Six nights a week I’m in the alleys traveling our routes, alternating one night on the East side and the next on the West. I have each route sectioned such that I arrive in any given area at approximately the same time. This way the animals who depend on us for a meal know when to be waiting for us at their feeding spots. Animals living on the streets have only two constances in their existence: one is the danger they face in every direction every day and night; the other is us. Thousands of animals know that every other night, in a specific location, we will offer them a pot of food to give them the strength to face the next danger. Other than this, these animals have nothing given to them in life; consequently, the one place on earth they return to over and over as if it were (in some remote sense) their home, is the feeding place.

Occasionally I alter my route to check on a particular area or animal. Most times these route alterations are spontaneous – even I couldn’t tell you why I suddenly decide to go right instead of the usual left, or enter an area now rather than its usually scheduled position. But it is during these inadvertent changes in plan that I most strongly sense the presence of a guardian angel who, through us, helps these beautiful creatures. More times than I can number (or even remember) we’ve arrived in a location that we would normally have reached earlier or later, and have come upon an animal desperately needing help, often very near death. Over the years I’ve ruled out happenstance as the reason for these encounters; coincidence can no longer explain why, time after time, we’ve arrived at just the right moment to prevent an animal from having to go on suffering pain we cannot imagine – not even the most sensitive among us can fathom the pain these animals endure.

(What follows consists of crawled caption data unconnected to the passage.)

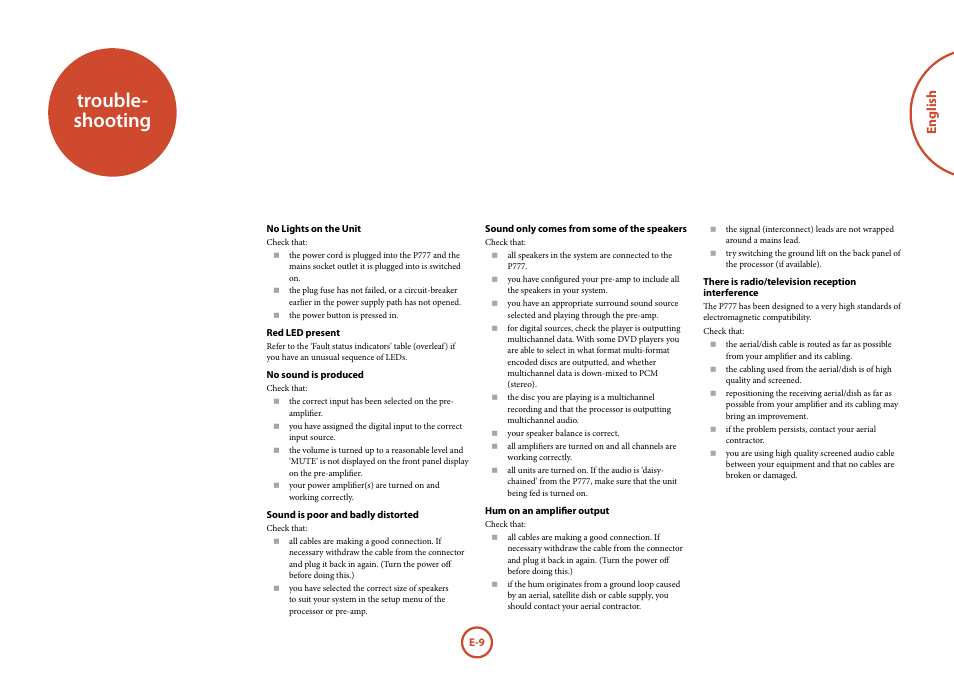 Trouble-shooting, Trouble- shooting, English | Arcam P777 User Manual | Page 11 / 16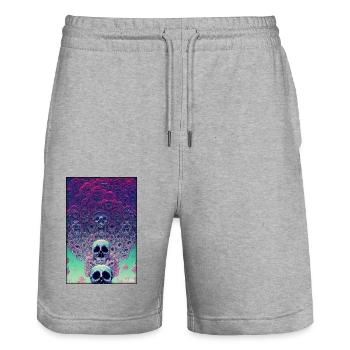 Skull Flowers Rose Cloud - Stanley/Stella Trainer Unisex Organic Jogging Shorts - heather grey - Front - Nik (191cm) & Marisol (170cm)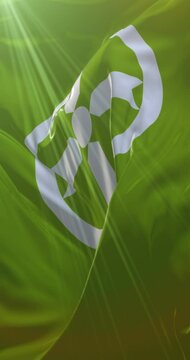 Flag of Akita city, Japan. Loop. 4K Vertical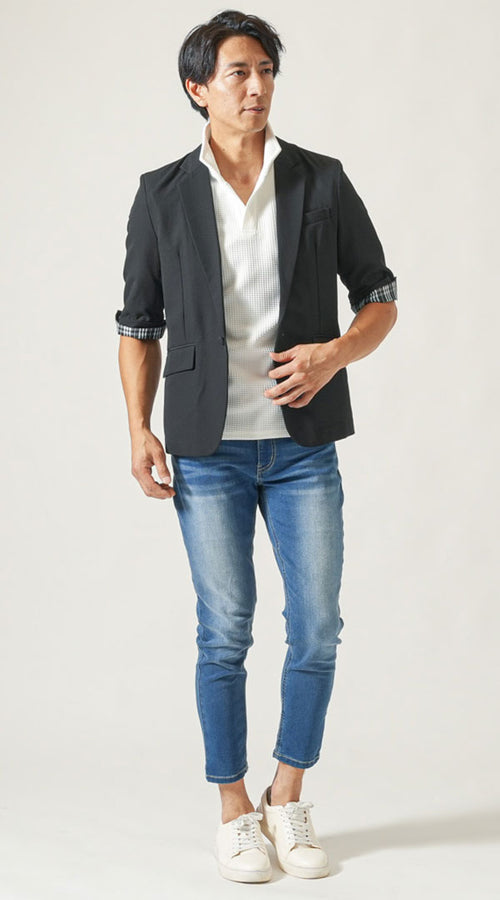 ジャケットに合うインナーメンズコーデ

Once I might have been skeptical but now I must acknowledge (after incident upon incident) that some benevolent spirit – the animals’ angel – watches over our shoulder and guides us where we need to be at just the right time. On one occasion I pulled into an alley and noticed a puppy lying on the ground in a vacant lot. He couldn’t have been more than 2 or 3 months old, but he was just lying on the ground; as I walked over to investigate I saw that his head was stuck inside a tin can. All struggling had stopped, he wasn’t thrashing about in order to free himself, I saw no heaving chest trying to suck in air – I knew he might well be dead but I had to make sure. I gently touched his body and I heard the tiniest muffled whimper from inside the can. I felt a wave of relief to know we’d gotten there in the nick of time; the puppy would have suffocated in minutes had it not been for the benevolent spirit pulling me off my schedule to find him.

Another night I changed the order of the route for no tangible reason, just a thought in my head to tackle one of our areas much earlier than its usual time. We arrived in the first alley of the section to see a black cat (one of my regulars, a big old tom) trying to make his way. He staggered forward one foot in front of the other, he looked neither right nor left, he was oblivious to all things but his one concern of returning to the only place in his world ever yielding anything good – the feeding place – and something drove him to return there this night not to eat but to die. He’d been hit by a car most likely; his face was bloodied, his jaw clearly broken, his breathing labored and fluid-obstructed. He offered no resistance to our settling him in to a carrier lined with a soft towel. In the end the vet could do nothing to save him, but at the least his passage from his life took place in the company of people who cared about him. A quiet, humane release from his terrible pain. He didn’t die alone in the darkness, lying on some cold patch of cement. The benevolent spirit guided us there so that we might do one final act of kindness for a deserving soul.

The puppy and the black cat are two of countless instances where a guiding hand took me off track to accomplish an unplanned act of compassion. the benevolent spirit – the animals’ angel – cannot forcibly change the wrongfullness of this world, but I’d like to think that on occasion we’re able to manifest its good will and lighten the heavy burden carried by animals living on the streets.